Variance and Standard Deviation: Karl Pearson's 1894 Yardstick of Scatter — and Why the Long-Term Investor Should Treat Volatility as the Price of Returns, Not the Measure of Risk

Afternoon Edition · Mental Models · No. 9

The model: one number for the scatter

Every average is an act of compression, and compression loses information. Tell a reader that two countries have the same average income, that two rivers have the same average depth, or that two portfolios have the same average return, and you have told them almost nothing about whether the two are alike to live in, to wade across, or to own. What the average discards is the scatter — how far the individual cases sit from the centre — and the history of statistics is in large part the history of learning to measure what the average throws away. The man who gave that measurement its modern name was Karl Pearson. In a lecture delivered at Gresham College on 31 January 1893 he proposed the term standard deviation as a replacement for the cumbersome expressions then in use — “root mean square error,” “error of mean square,” Gauss’s “mean error” — and the following year he put the symbol and the method to work in the first of his great memoirs, “Contributions to the Mathematical Theory of Evolution,” published in the Philosophical Transactions of the Royal Society (vol. 185, 1894, pp. 71–110). Pearson was building tools for biometry — he needed to describe how crab shells and human skulls varied around their averages — but the instrument he standardised turned out to be perfectly general. A quarter-century later R. A. Fisher, in his 1918 paper on Mendelian inheritance in the Transactions of the Royal Society of Edinburgh (vol. 52, pp. 399–433), gave the squared version its own name, the variance, and the modern vocabulary of dispersion was complete.

The definitions are compact. Take each observation’s distance from the mean, square it, and average the squares: that is the variance. Take the square root of the variance, so the answer is back in the original units: that is the standard deviation, written σ. The one-sentence form of the model is this: the standard deviation is the single number that says how far a typical observation sits from the average — and therefore how much, or how little, the average itself can be trusted as a description. A mean without a sigma is half a sentence. Two distributions can share an identical mean and describe entirely different worlds, and sigma is the number that tells them apart.

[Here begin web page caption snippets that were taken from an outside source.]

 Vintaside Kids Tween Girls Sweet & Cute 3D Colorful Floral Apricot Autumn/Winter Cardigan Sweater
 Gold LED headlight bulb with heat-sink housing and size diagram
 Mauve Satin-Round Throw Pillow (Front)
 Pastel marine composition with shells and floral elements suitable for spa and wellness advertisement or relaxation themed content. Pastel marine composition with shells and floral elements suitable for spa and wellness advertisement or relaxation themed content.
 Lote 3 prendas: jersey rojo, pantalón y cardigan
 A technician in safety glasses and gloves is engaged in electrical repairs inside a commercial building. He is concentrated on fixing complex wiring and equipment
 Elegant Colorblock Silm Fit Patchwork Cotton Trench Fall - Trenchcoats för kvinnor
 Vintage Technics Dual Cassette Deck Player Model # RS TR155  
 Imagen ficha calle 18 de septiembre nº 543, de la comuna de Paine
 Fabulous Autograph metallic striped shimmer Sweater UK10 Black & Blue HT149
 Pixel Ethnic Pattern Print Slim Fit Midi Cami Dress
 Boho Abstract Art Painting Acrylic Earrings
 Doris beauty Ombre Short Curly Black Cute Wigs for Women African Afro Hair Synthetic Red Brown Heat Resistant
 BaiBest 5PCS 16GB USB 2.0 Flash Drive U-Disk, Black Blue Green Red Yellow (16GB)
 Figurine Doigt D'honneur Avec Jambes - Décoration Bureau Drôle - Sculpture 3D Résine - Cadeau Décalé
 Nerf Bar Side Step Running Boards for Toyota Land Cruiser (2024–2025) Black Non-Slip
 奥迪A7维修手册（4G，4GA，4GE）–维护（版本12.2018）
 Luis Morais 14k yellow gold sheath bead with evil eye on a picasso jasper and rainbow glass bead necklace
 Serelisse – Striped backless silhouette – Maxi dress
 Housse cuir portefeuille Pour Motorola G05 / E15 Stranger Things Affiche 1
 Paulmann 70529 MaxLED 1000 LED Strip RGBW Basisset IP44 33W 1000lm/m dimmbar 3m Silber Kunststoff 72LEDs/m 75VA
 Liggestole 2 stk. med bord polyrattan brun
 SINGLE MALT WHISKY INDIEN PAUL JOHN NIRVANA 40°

The mechanism: why squaring, and why it conquered finance

Why square the deviations rather than simply average their absolute size? Three properties made the squared measure the one that survived. First, squaring weights the large deviations more than the small ones, so sigma is sensitive to precisely the observations that make scatter dangerous. Second, the variance is additive: for independent quantities, the variance of a sum is the sum of the variances — a property the absolute deviation does not possess, and the algebraic hinge on which, as we shall see, the entire theory of diversification turns. Third, the variance plugs directly into the machinery of the normal distribution, the bell curve examined earlier in this series: when a quantity is normally distributed, roughly 68 per cent of observations fall within one sigma of the mean, 95 per cent within two, and 99.7 per cent within three. Even without normality there are weaker guarantees — Chebyshev’s inequality promises that at least three-quarters of any distribution lies within two sigmas — but it was the marriage with the bell curve that made sigma feel like a complete description of uncertainty. Therein, as we shall also see, lies the trap.

Finance adopted the model wholesale. In “Portfolio Selection” (Journal of Finance, vol. 7, no. 1, 1952, pp. 77–91), Harry Markowitz proposed that an investor cares about exactly two numbers — the expected return of a portfolio and its variance — and showed that because variances combine through covariance, a portfolio of imperfectly correlated assets has a lower sigma than the weighted average of its parts. That single algebraic fact is the only free lunch in investing, and it is a genuine one: diversification works because variance is additive and correlations are less than perfect. William Sharpe’s capital asset pricing model (1964) carried the programme further, decomposing each security’s variance into a market-related part and a residual. By the 1970s “risk” in the textbooks simply was sigma: risk-adjusted performance meant return per unit of standard deviation, and a security with a placid price chart was, by definition, a safe one. The measuring rod Pearson cut for crab shells had become the official definition of financial danger — not because anyone had demonstrated that volatility is what investors should fear, but because volatility is what the data made measurable. The number was available, so the number became the concept.

Two return distributions with the same eight per cent mean but different standard deviations, showing how sigma separates outcomes the average cannot distinguish — Figure 1. Same average, different worlds: two assets with an identical 8 per cent mean annual return. At σ = 6, almost every year lands between −4 and +20. At σ = 22, the same average admits years below −35 and above +50 — and it is the sigma, not the mean, that decides what the owner must be prepared to live through.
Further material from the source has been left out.